---------- Study material

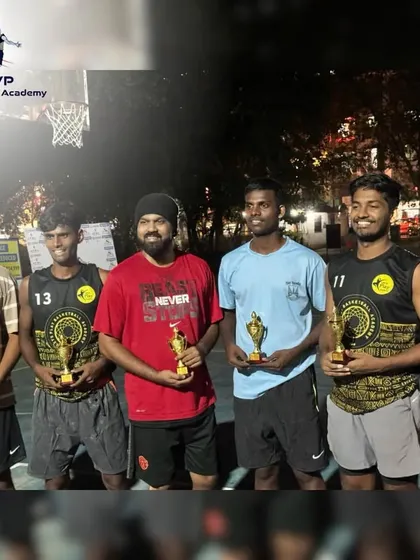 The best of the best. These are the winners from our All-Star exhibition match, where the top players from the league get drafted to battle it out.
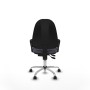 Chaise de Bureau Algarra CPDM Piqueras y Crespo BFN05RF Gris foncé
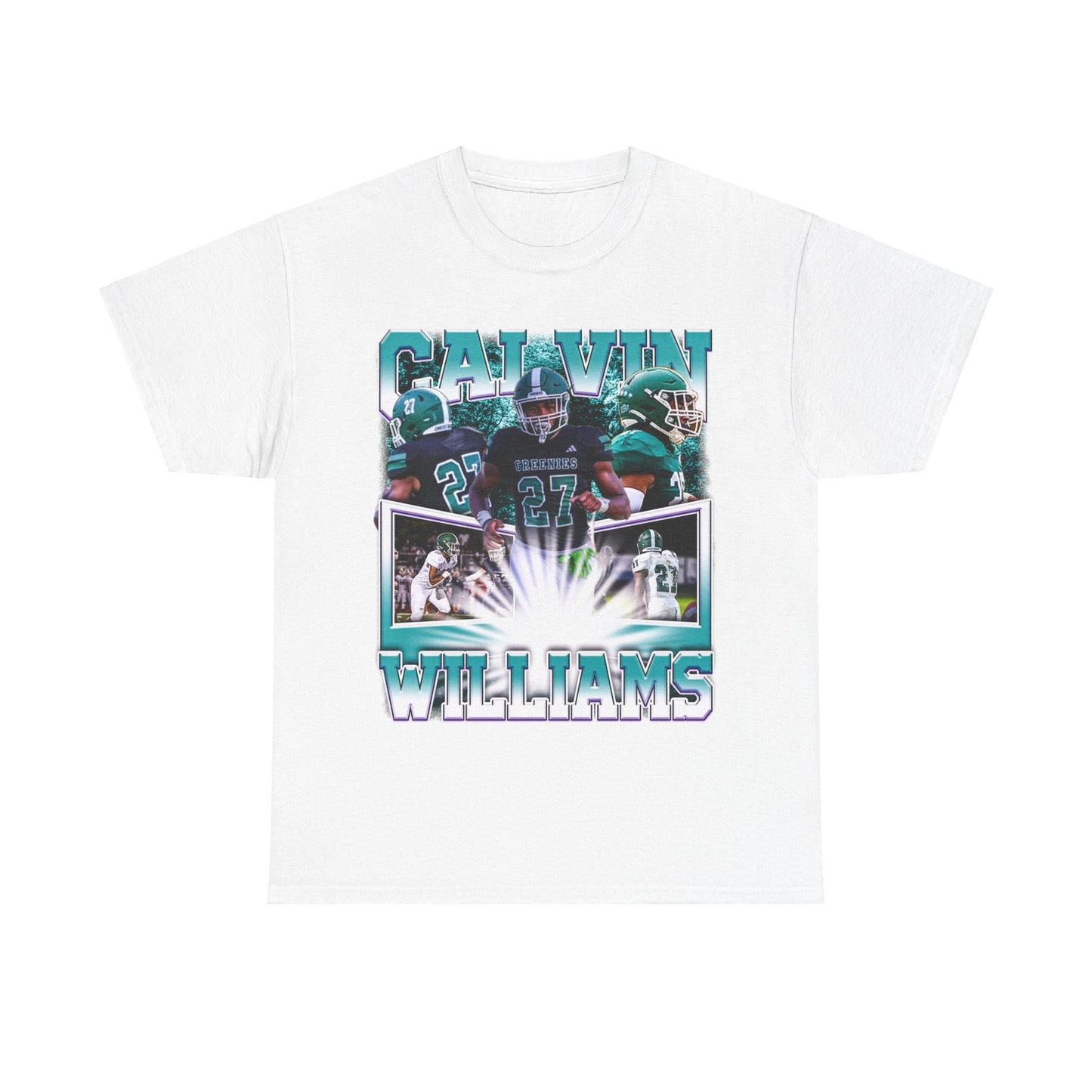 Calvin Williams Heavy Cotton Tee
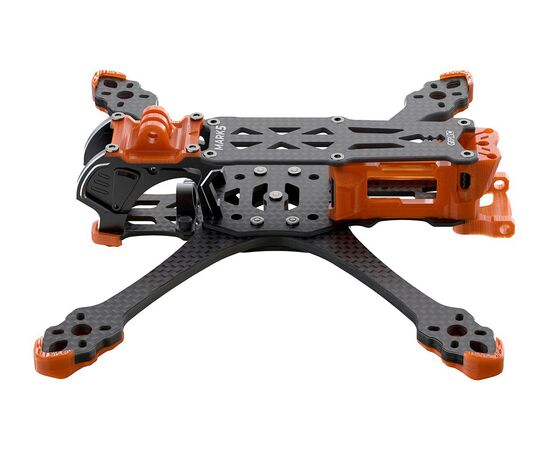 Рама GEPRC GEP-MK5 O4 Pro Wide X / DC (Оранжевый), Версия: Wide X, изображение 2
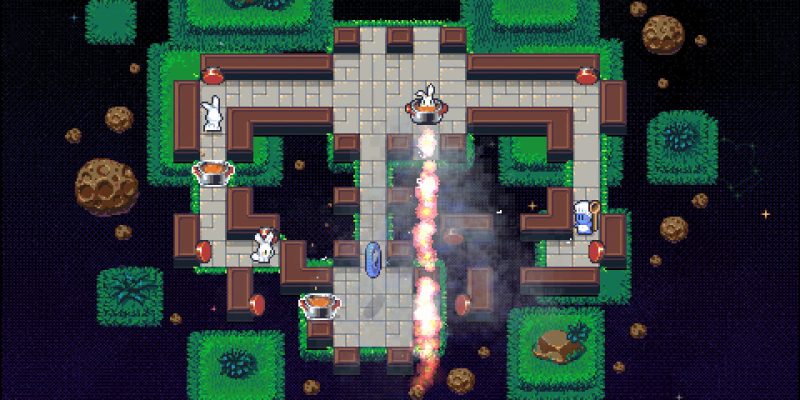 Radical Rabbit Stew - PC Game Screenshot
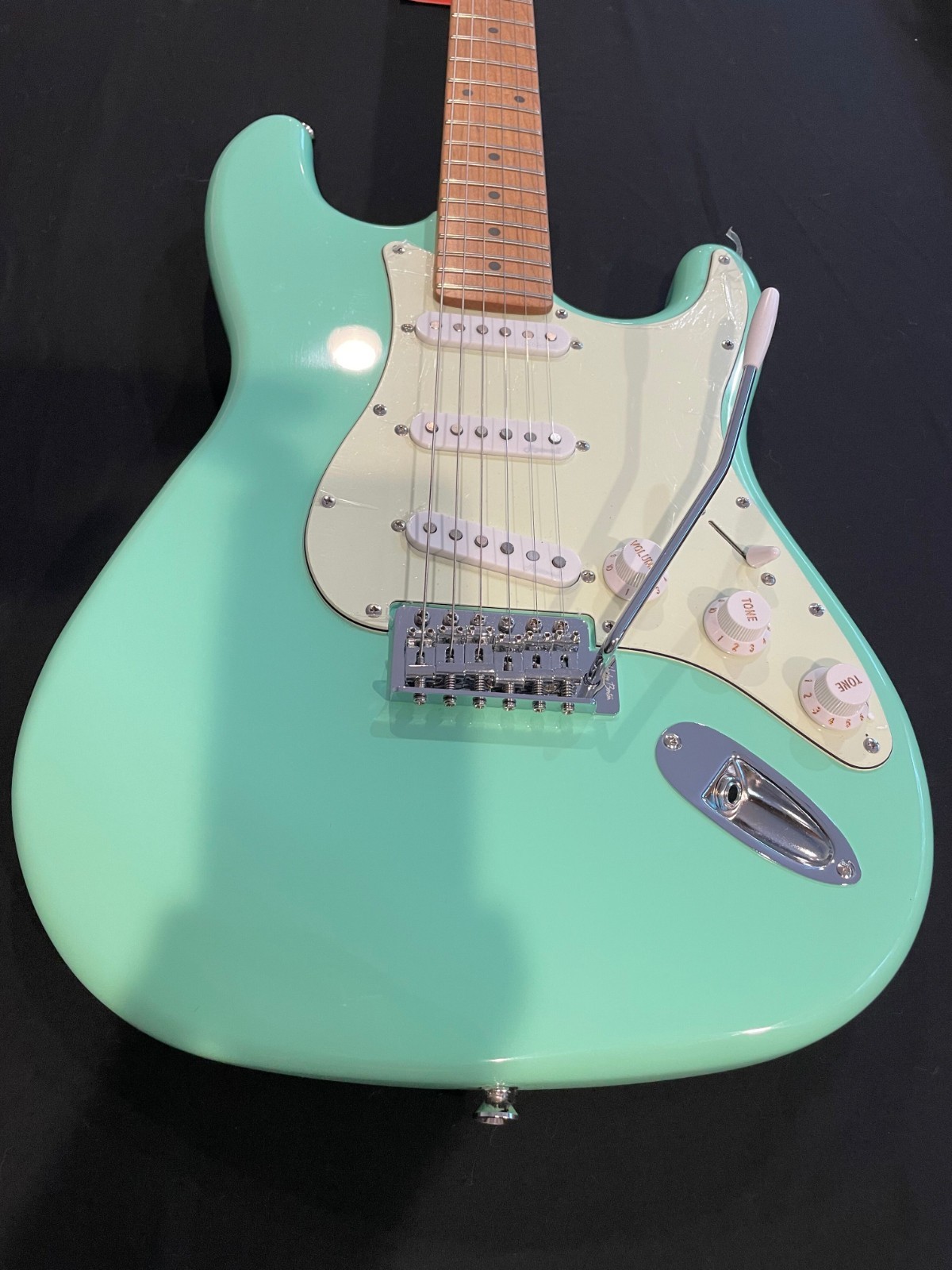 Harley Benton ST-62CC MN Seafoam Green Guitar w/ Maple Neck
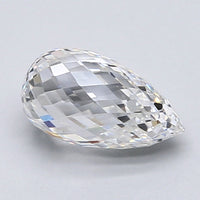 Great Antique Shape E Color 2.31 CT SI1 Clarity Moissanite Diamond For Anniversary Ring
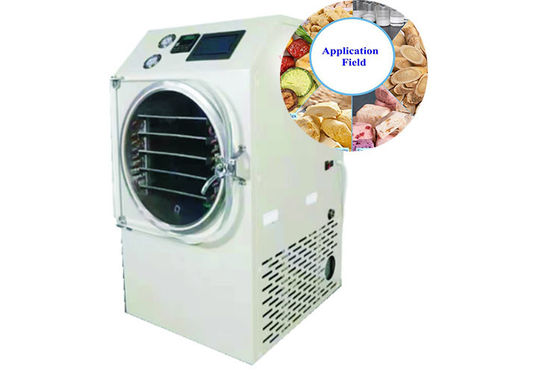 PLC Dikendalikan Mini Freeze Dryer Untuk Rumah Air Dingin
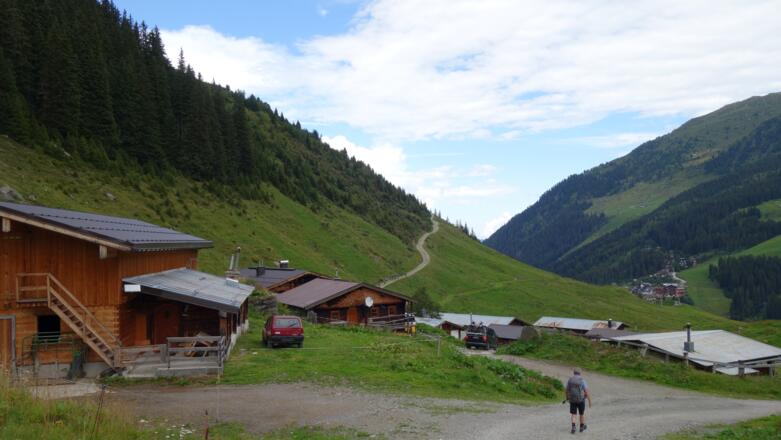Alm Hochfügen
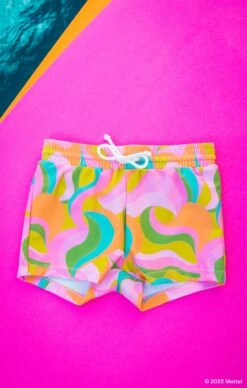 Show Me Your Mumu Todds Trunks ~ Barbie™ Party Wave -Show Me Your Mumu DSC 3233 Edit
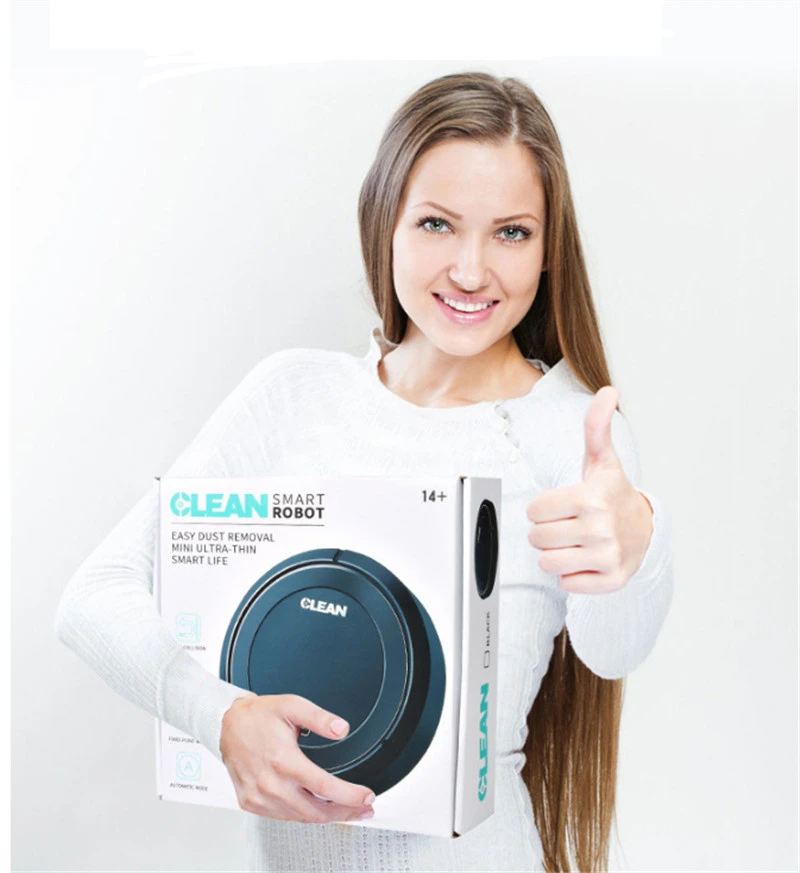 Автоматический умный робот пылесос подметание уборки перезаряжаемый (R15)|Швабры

--------------------

**Exercise directions**
Every line of the material is to be quoted exactly, with no pictures carried over.

**Response box**
 The best of the best. These are the winners from our All-Star exhibition match, where the top players from the league get drafted to battle it out.
 Chaise de Bureau Algarra CPDM Piqueras y Crespo BFN05RF Gris foncé
 Calvin Williams Heavy Cotton Tee
 Рама GEPRC GEP-MK5 O4 Pro Wide X / DC (Оранжевый), Версия: Wide X, изображение 2
 Radical Rabbit Stew - PC Game Screenshot
 Harley Benton ST-62CC MN Seafoam Green Guitar w/ Maple Neck
 Great Antique Shape E Color 2.31 CT SI1 Clarity Moissanite Diamond For Anniversary Ring
 PLC Dikendalikan Mini Freeze Dryer Untuk Rumah Air Dingin
Alm Hochfügen
 Show Me Your Mumu Todds Trunks ~ Barbie™ Party Wave -Show Me Your Mumu DSC 3233 Edit
 Автоматический умный робот пылесос подметание уборки перезаряжаемый (R15)|Швабры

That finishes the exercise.